Mittwoch, 06.09.2023, 19:58 Uhr Aktualisiert um 20:00 Uhr
Freiwillig in den Ukrainekrieg - Ein Schweizer zieht an die Front
Der 37-Jährige ist Vater zweier Teenager und lebt allein in der Westschweiz. Er hat letztes Jahr im Krieg in der Ukraine gekämpft - freiwillig. Doch wie kam es dazu?
Am 27. Februar 2022 rief der ukrainische Präsident Selenski die "Internationale Legion zur Verteidigung der Ukraine" ins Leben. Tausende Freiwillige strömten in die Ukraine, um gegen Russland zu kämpfen.
Der Grossteil hat das Land wieder verlassen.
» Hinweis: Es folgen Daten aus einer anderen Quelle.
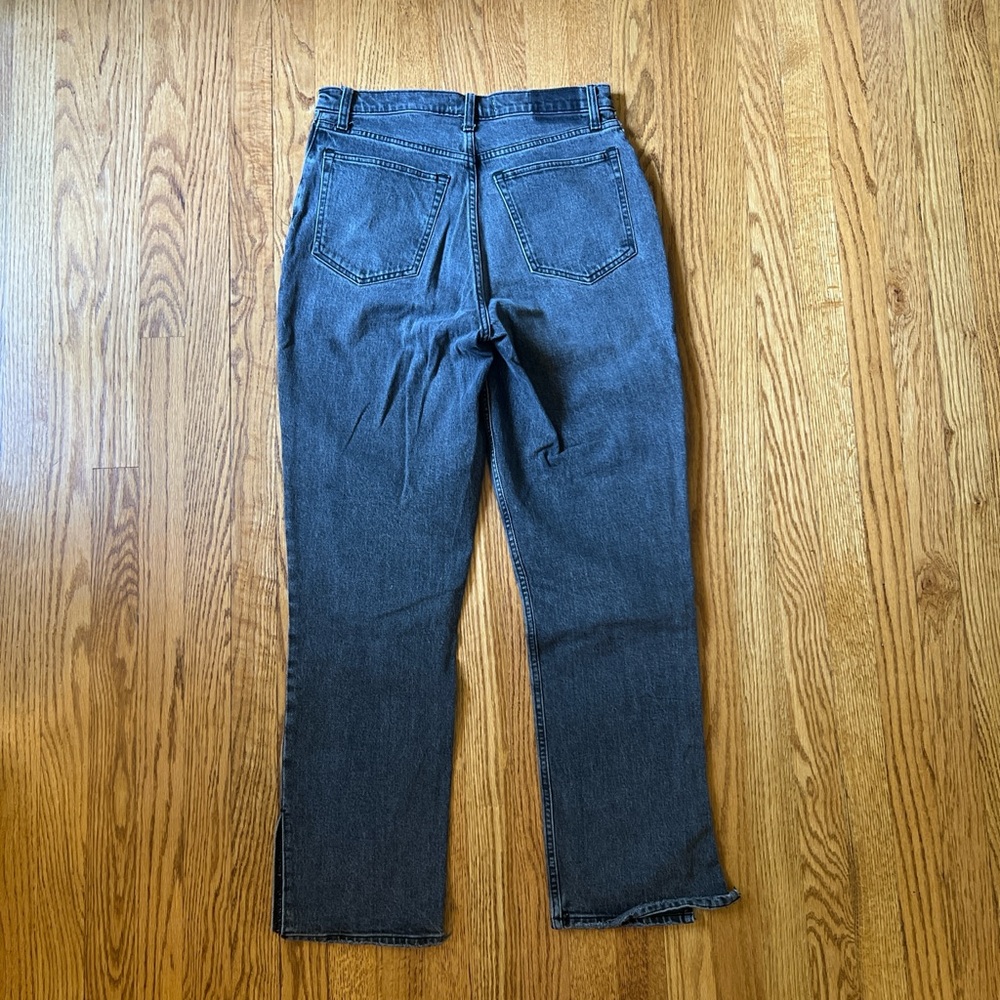 Abercrombie 90s Straight side slit Jeans in black curve love - Picture 3 of 6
Heute sollen laut Schätzungen rund 2000 ausländische Kämpfer in der Ukraine anwesend sein, davon die meisten mit militärischer Erfahrung.
Viele Kämpfer stammen aus ehemaligen Sowjetrepubliken, Osteuropa und den USA. Neben der Internationalen Legion gibt es auch länderspezifische Einheiten wie die "Georgische Legion" oder das belarussische "Kastus Kalinouski Regiment".
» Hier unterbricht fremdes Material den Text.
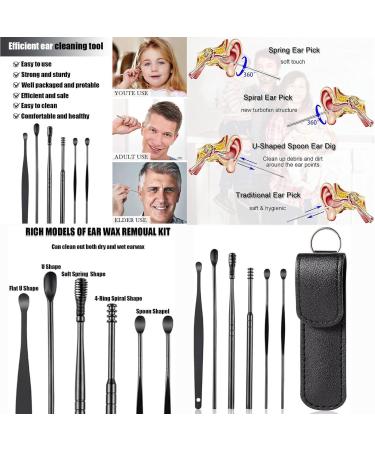 Singleagive Ear Wax Removal Tool with Camera - Stainless Steel Pick Kit 5.5mm - Otoscope with 6 LED Lights - IP67 Waterproof - HD Visual Remover - Compatible with iOS/Android - Buy Online on GoSupps.com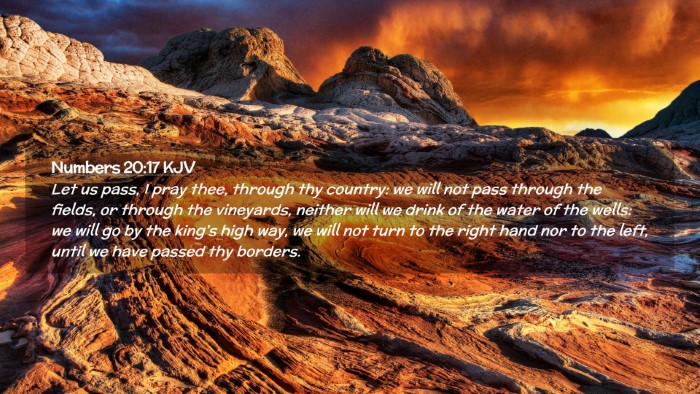 Picture 02 - Numbers 20:17 KJV Desktop Wallpaper - Let us pass, I pray thee, through thy country: we - Desktop Bible Verse Wallpaper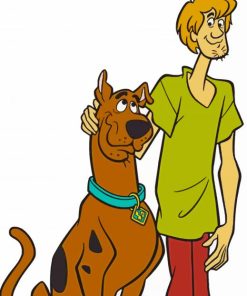 Aesthetic Scooby Doo And Shaggy paint by numbers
Freiwillige, die sich der Internationalen Legion anschliessen, unterschreiben einen Vertrag mit der ukrainischen Armee. Ihr Gehalt entspricht dem der ukrainischen Soldaten. Für Kämpfe an der Front gibt es laut Medienberichten etwa 2500 Franken im Monat.
Im Sommer 2022 berichtete das ukrainische Onlineportal "The Kyiv Independent" von Chaos und Missständen in Teilen der Legion. Einzelnen Kommandeuren wurde Machtmissbrauch, Diebstahl von Waffen und Gütern, Übergriffe oder die Entsendung in selbstmörderische Einsätze vorgeworfen.
Ende Februar 2022. Wenige Tage nach dem russischen Überfall auf die Ukraine wendet sich Präsident Wolodimir Selenski an die Bürger des Westens. Er ruft sie dazu auf, der ukrainischen Armee bei der Verteidigung gegen Putins Truppen zu helfen. Jérôme fühlt sich angesprochen.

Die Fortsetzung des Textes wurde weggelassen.